Start of Block

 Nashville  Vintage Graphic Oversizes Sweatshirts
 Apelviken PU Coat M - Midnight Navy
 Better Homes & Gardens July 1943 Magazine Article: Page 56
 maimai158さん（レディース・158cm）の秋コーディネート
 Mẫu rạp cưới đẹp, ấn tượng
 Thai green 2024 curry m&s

End of Block
Start of Block

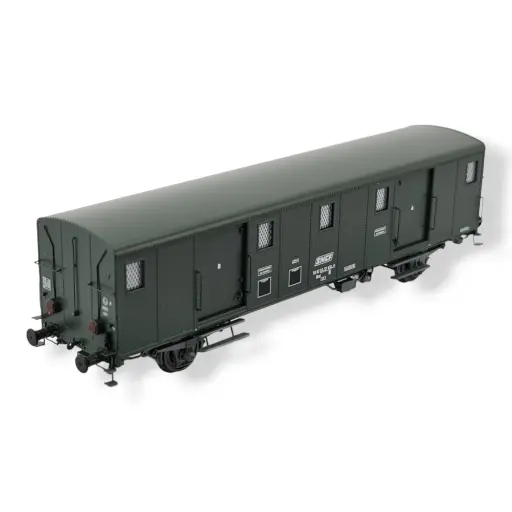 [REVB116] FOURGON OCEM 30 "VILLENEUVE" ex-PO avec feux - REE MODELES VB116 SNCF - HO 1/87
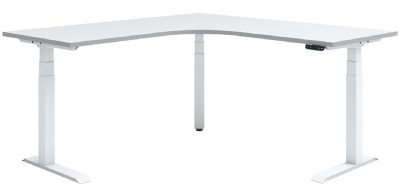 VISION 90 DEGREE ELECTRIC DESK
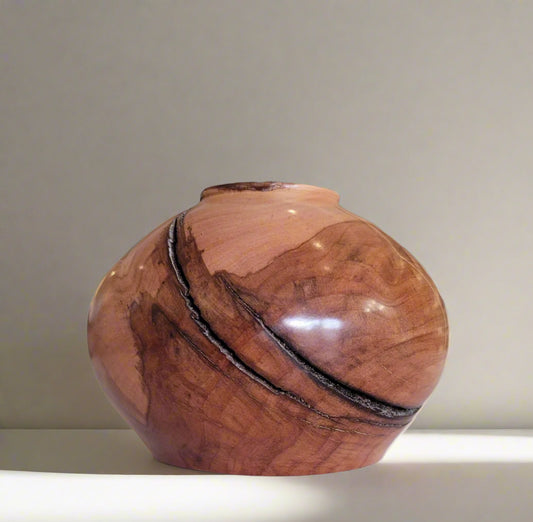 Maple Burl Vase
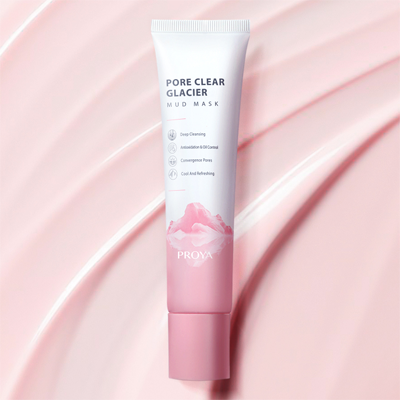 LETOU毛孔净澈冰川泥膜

End of Block
Start of Block

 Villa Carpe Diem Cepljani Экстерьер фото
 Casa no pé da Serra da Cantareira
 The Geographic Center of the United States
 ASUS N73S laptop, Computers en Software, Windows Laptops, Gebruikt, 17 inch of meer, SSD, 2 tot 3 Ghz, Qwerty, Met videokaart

End of Block

### PROBLEM:
Repeat, exactly as they stand above, the lines from the line with "Graphic Oversizes Sweatshirts" to the line with "Thai green 2024 curry m&s", both lines included.

### ANSWER BELOW:
 Nashville  Vintage Graphic Oversizes Sweatshirts
 Apelviken PU Coat M - Midnight Navy
 Better Homes & Gardens July 1943 Magazine Article: Page 56
 maimai158さん（レディース・158cm）の秋コーディネート
 Mẫu rạp cưới đẹp, ấn tượng
 Thai green 2024 curry m&s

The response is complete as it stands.